Good Cop, Bad Cop at the UN

Resolution 1441 is more an alternative “legal” road to war rather than an alternative to war itself. Extrapolating from Saddam Hussein’s previous behavior, the Security Council resolution will lead to war as surely as a position of unilateral U.S. belligerence. The Iraqi ruler will need an unprecedented political and psychological makeover to eat the copious and indigestible helpings of humble pie that the UN resolution prescribes being shoveled down his maw.

Even if Hussein were to cooperate in the total way demanded by the resolution, he could be fatally weakened internally by the humiliation of bowing to Washington. Already the near riots outside the prisons after Saddam Hussein’s amnesty offered a whiff of a “Ceaucescu moment”: that critical time when the population senses that a hated regime actually has no clothes.

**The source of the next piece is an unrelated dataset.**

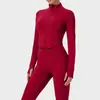 Jaqueta de Yoga Feminina Slim Fit Outono Inverno Secagem Rápida Apertada Zíper Gola Alta Manga Longa Top Casual Sport Fitness Roupas Jaqueta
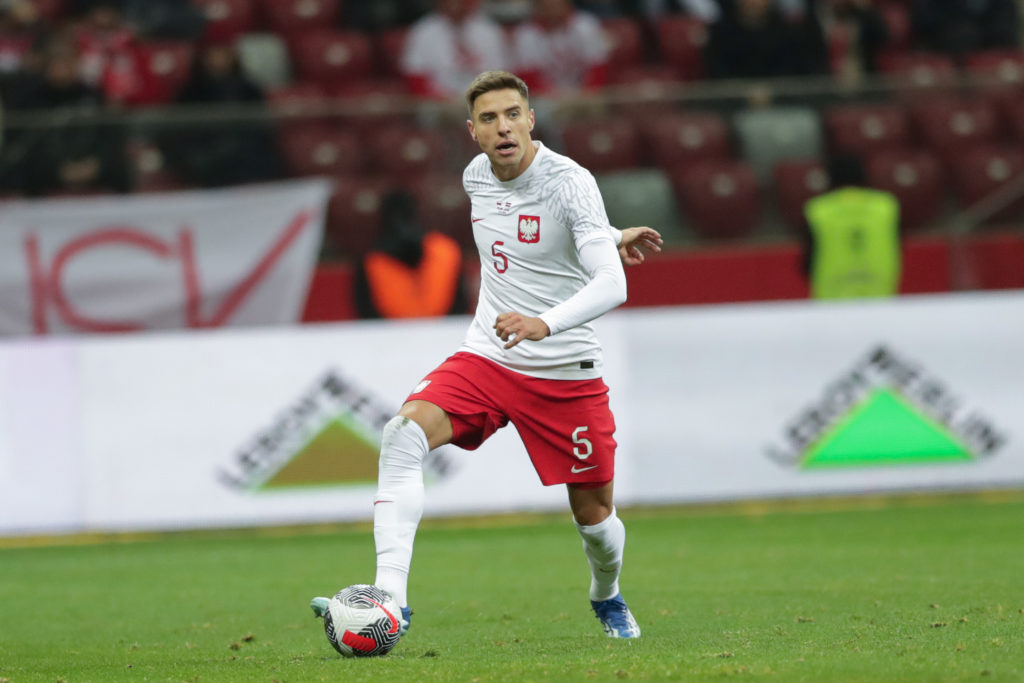 Jan Bednarek of Poland seen in action during the Friendly...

Washington has certainly won its major point at the Security Council. Regardless of differing opinions heard throughout the rest of the world, Iraq is the first item on the U.S.-shaped global security agenda–even if no other Security Council member would rank it so importantly. Even Tony Blair, the Bush administration’s closest ally over Iraq, has been vainly trying to point out the equal importance of the Israel/Palestine issue, both as a security issue in its own right and in terms of its potential for coalition building. The Pakistan-India nuclear stand-off, for example, poses serious threats to international peace and security. Even in terms of defiance of UN resolutions, Iraq is far from the worst scoff-law.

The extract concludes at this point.